The Turkish General Staff said in a statement posted on its website on Tuesday that Turkish airplanes hit PKK targets in north of Iraq.

The General Staff said that Turkish jets bombed PKK targets in Zap-Sivi, Avasin-Basyan and Hakurk regions in northern Iraq.

"We have targeted only the PKK camps in the air strike. The General Staff is sensitive not to affect civilian people in the region," said the statement, adding that Turkish jets had accomplished their mission and returned safely to their bases.

"The terrorist organization PKK ... has once more showed its real face with its recent attacks, and has become the target of all the civilized world who adopt fundamental values of humanity," added the statement.

An Iraqi Kurdish official was quoted by CNN Turk as saying earlier in the day that Turkish jets bombed PKK targets near the town of Hakurk, which was close to Iraq's border with Iran and Turkey.

Meanwhile, a Kurdish security source in northern Iraq told Xinhua that Turkish aircraft and artillery pounded Iraqi areas near the border in Duhuk province without causing casualties.

"The Turkish aircraft and artillery shelled in the morning the villages of Narwa, Raykan and Nahaly near the town of Amadiyah in Duhuk province," the source, from the Kurdish border guards, told Xinhua on condition of anonymity.

The attacks, which targeted areas close to the Iraqi border with Turkey, caused no casualties, the source said.

The Turkish military operation came one day after Turkish Prime Minister Recep Tayyip Erdogan said in the Spanish capital on Monday that his government would seek an extension of its parliamentary mandate, which expires in October, to attack PKK targets in northern Iraq if PKK separatists continue attacks against Turkey.

"We would hope our fight against terrorism finishes soon, but I can't say when it will end," Erdogan told business leaders in Madrid.

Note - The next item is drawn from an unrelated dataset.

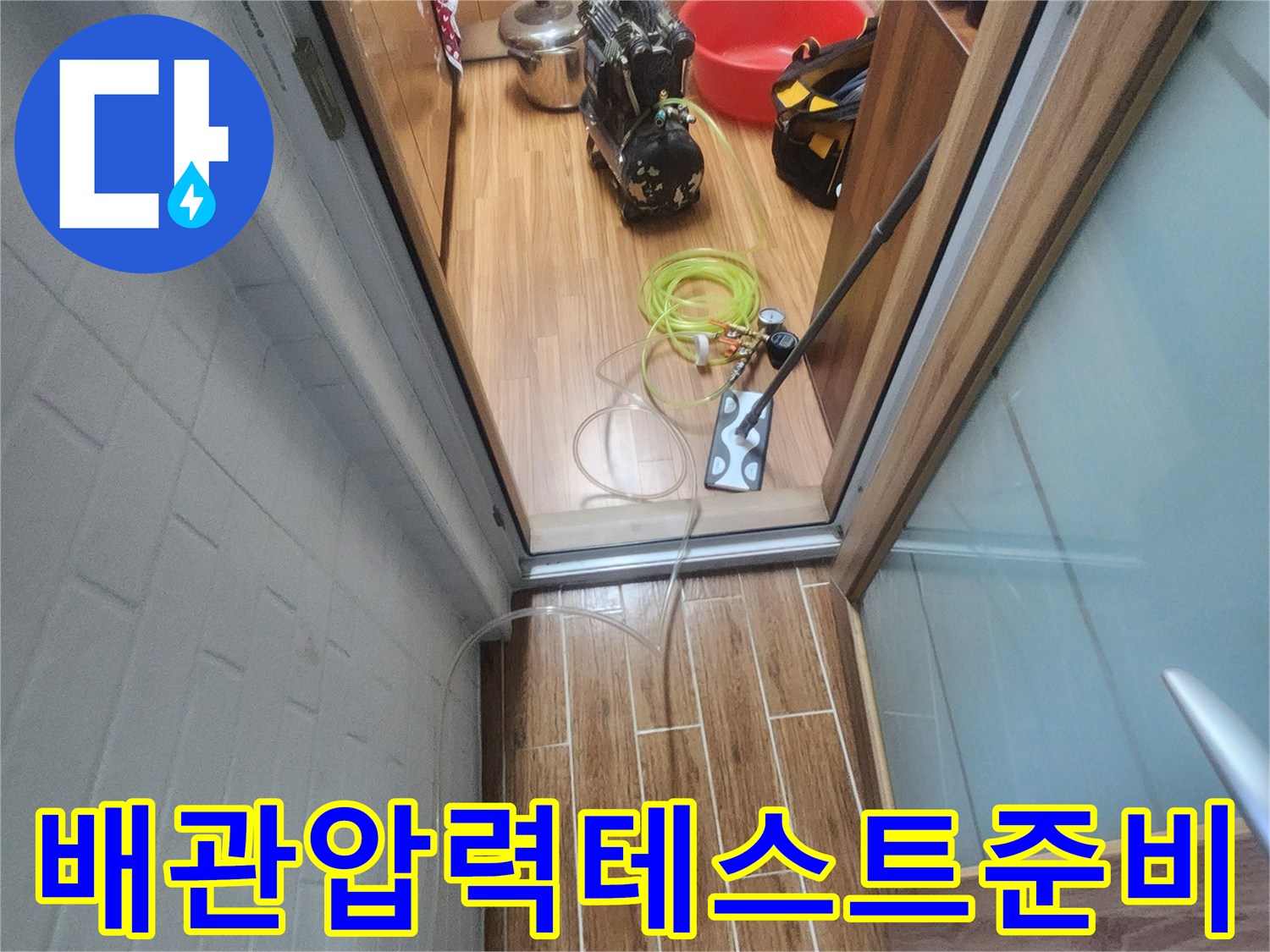 아파트 내부에서 누수 엔지니어가 배관 압력-테스트를 위한 장비 연결을 진행하고 있습니다.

Earlier this month, a strong explosion rocked the southeastern Turkish city of Diyarbakir, killing six people, including five school students, and injuring 67 others, including 30 military personnel.

The bomb attack targeted a military personnel bus in Diyarbakir, where most Kurds are living.

The attack was staged by a car bomb when the bus was passing near Dedeman Hotel at Mimar Sinan Street in Diyarbakir's Yenisehir district, local police had said.

Diyarbakir, which is the biggest city in mainly Kurdish southeastern Turkey, is home to a large number of Turkish troops who are fighting PKK rebels both inside Turkey and in neighboring Iraq.

Erdogan had said that terrorism showed its bloody face again in Diyarbakir, noting that Turkey will continue fight terrorism with determination on both national and international dimensions.

The Turkish military has recently launched several cross-border attacks to fight against PKK separatists, who use the Kurdish autonomous region in northern Iraq as a launch pad for attacks against Turkey.

The PKK, listed by the United States and Turkey as a terrorist group, took up arms against Turkey in 1984 with the aim of creating an ethnic homeland in the southeast. More than 30,000 people have been killed in the over-two-decade conflict.